What a Simple UK CGT Calculator Usually Includes
- Sale proceeds: the amount you receive on disposal.
- Purchase price: what you paid for the asset originally.
- Allowable acquisition and selling costs: legal fees, broker commissions, and similar transaction costs.
- Improvement expenditure: capital improvements that add value or extend life.
- Capital losses: allowable losses from other disposals that reduce gains.
- Annual exempt amount: tax free gain allowance for the tax year.
- Taxable income: used for individuals to split gains across lower and higher CGT rates.
- Asset type: residential property is taxed differently from many other assets.
The formula is straightforward at a high level. First, establish your gain after allowable costs. Second, offset losses. Third, deduct your annual exempt amount if available. Finally, apply the relevant rates. The calculator on this page follows that flow in a practical way and displays a visual breakdown chart so you can see where the tax is coming from.
Core UK Figures You Should Know
Several key numbers shape UK capital gains outcomes. For many users, the most important are annual exemption and rates by asset class. The annual exempt amount has reduced significantly over recent years, which increases the number of people who need to report and potentially pay CGT. The table below compares this clearly.
| Tax year | Individual annual exempt amount | Trust annual exempt amount (general) | Official source basis |
|---|---|---|---|
| 2022/23 | £12,300 | £6,150 | UK CGT rates and allowances guidance |
| 2023/24 | £6,000 | £3,000 | UK CGT rates and allowances guidance |
| 2024/25 | £3,000 | £1,500 | UK CGT rates and allowances guidance |
Rates also differ by tax year and asset type. For individuals, residential property gains have lower and higher rates, and the higher rate was reduced in 2024/25. Other chargeable assets typically use lower 10% and higher 20% rates for individuals, depending on how much basic rate band remains once income is considered.

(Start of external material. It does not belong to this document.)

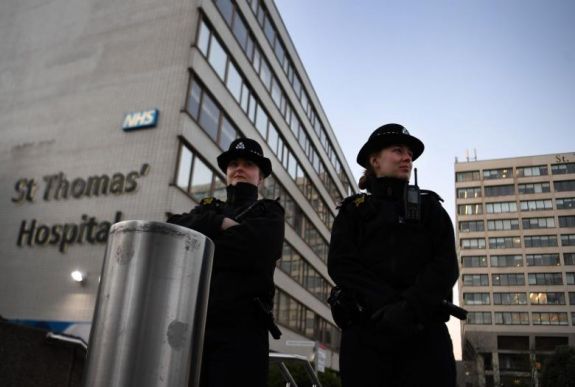 Részben feloldják, részben megerősítik Angliában a járványügyi intézkedéseket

| Category | 2023/24 rates | 2024/25 rates | How split is determined |
|---|---|---|---|
| Individual: residential property | 18% / 28% | 18% / 24% | Based on unused basic rate band then higher rate |
| Individual: shares and many other assets | 10% / 20% | 10% / 20% | Based on unused basic rate band then higher rate |
| Trust: residential property | 28% | 24% | Flat trust rate for this simplified view |
| Trust: most other assets | 20% | 20% | Flat trust rate for this simplified view |
Step by Step: How to Get an Accurate Estimate
- Enter disposal proceeds correctly. Use actual sale consideration, not your expected net cash after mortgage redemption.
- Input original cost and acquisition expenses. Include costs directly linked to buying.
- Separate improvements from repairs. New extension or structural upgrades can be capital; repainting and maintenance are usually revenue expenses.
- Add disposal costs. Estate agency fees, legal charges, and transaction commissions are usually relevant.
- Offset allowable losses. If losses are already reported and available, they may reduce taxable gains.
- Apply annual exempt amount. Use the amount for your taxpayer type and year.
- Set taxable income realistically. For individuals this drives whether gains are taxed at lower or higher CGT percentages.
- Run multiple scenarios. Try different sale timings or additional losses to compare outcomes.
Why Calculator Results and Final HMRC Figures Can Differ
A simple capital gains tax calculator UK tool is intended for estimation, not legal determination. Final returns may differ for several reasons. You may qualify for specific reliefs, such as private residence relief, business asset disposal relief, gift relief, or rollover relief. Some assets have special rules. Records may be incomplete at planning stage. Income can change before year end and alter the basic rate band split. Also, trusts and personal representatives can have special treatment depending on facts. That is why many investors use a calculator first, then validate with a qualified tax adviser before submission.
Common Mistakes That Inflate Your CGT Bill
- Forgetting acquisition and disposal fees that are deductible.
- Treating all property work as repairs instead of identifying qualifying capital improvements.
- Ignoring crystallised losses that could offset gains.
- Using the wrong tax year allowance or rates.
- Not accounting for income levels that push more gain into higher rates.
- Missing filing and payment deadlines where they apply, especially for UK property disposals.
Planning Ideas Before You Dispose of an Asset
Planning does not mean avoidance. It means using lawful timing and records to reduce errors and manage cash flow. If you are near the tax year end, compare selling before and after 6 April. If you are married or in a civil partnership, lawful interspousal transfers may align ownership and allowances before sale. If you have underperforming assets, crystallising a legitimate loss in the same period can reduce gain exposure. Keep detailed invoices and completion statements so every allowable cost is captured. Even small omissions can materially change your bill, especially after the annual exempt amount reductions.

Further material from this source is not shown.